- TASK TO COMPLETE: Start at the line in the entries below that contains "Hundesofa i plys", stop at the line that contains "Grupo Familia Árabe", and output exactly the lines in that span, both ends included.

*** AVAILABLE RECORDS Section Begins ***

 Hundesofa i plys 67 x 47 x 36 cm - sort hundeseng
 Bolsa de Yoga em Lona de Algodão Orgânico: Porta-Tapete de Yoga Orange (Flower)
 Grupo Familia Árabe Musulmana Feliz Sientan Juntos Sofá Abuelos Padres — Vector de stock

*** AVAILABLE RECORDS Section Ends ***
*** AVAILABLE RECORDS Section Begins ***

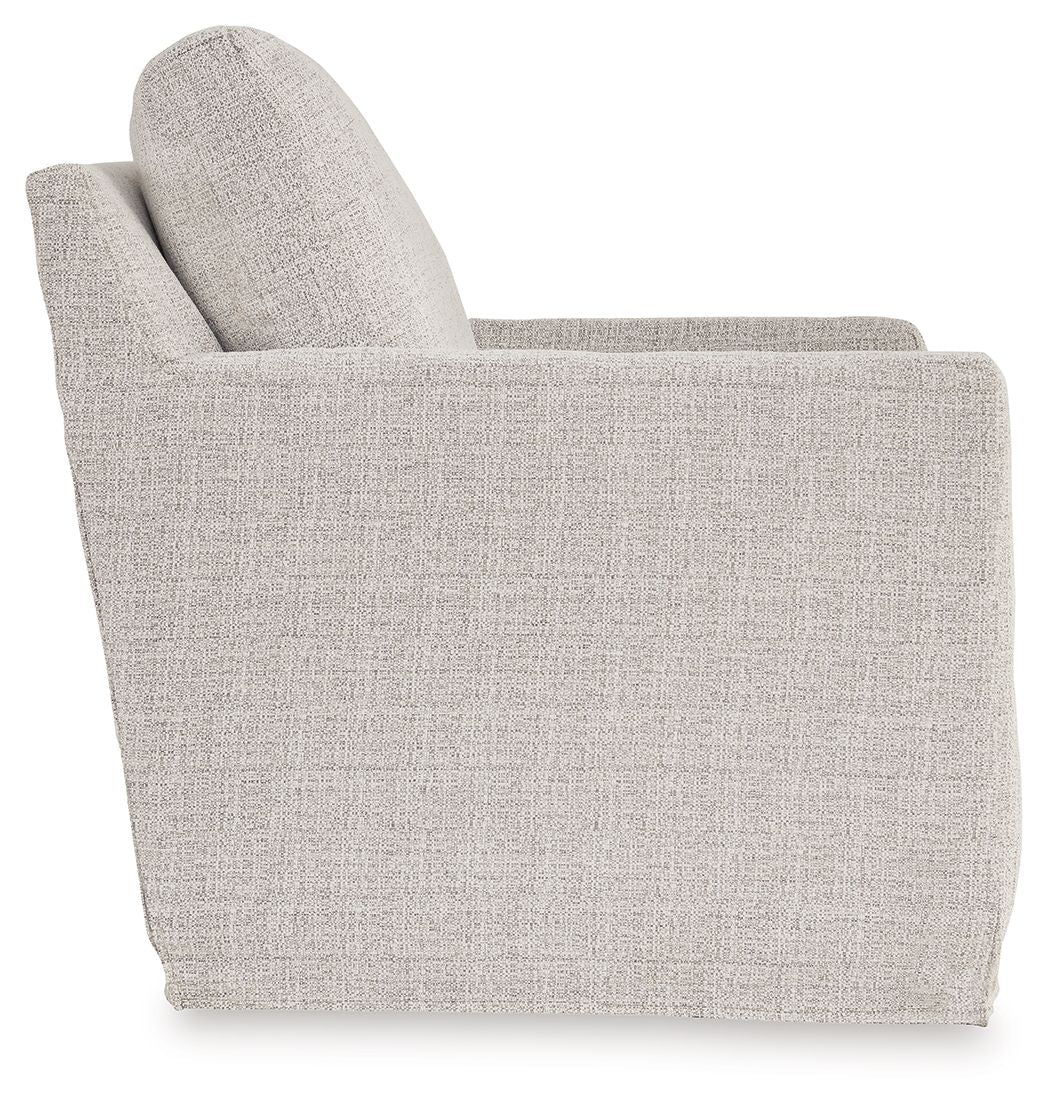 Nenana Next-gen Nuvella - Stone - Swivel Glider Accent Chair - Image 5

*** AVAILABLE RECORDS Section Ends ***

- ANSWER SECTION:
 Hundesofa i plys 67 x 47 x 36 cm - sort hundeseng
 Bolsa de Yoga em Lona de Algodão Orgânico: Porta-Tapete de Yoga Orange (Flower)
 Grupo Familia Árabe Musulmana Feliz Sientan Juntos Sofá Abuelos Padres — Vector de stock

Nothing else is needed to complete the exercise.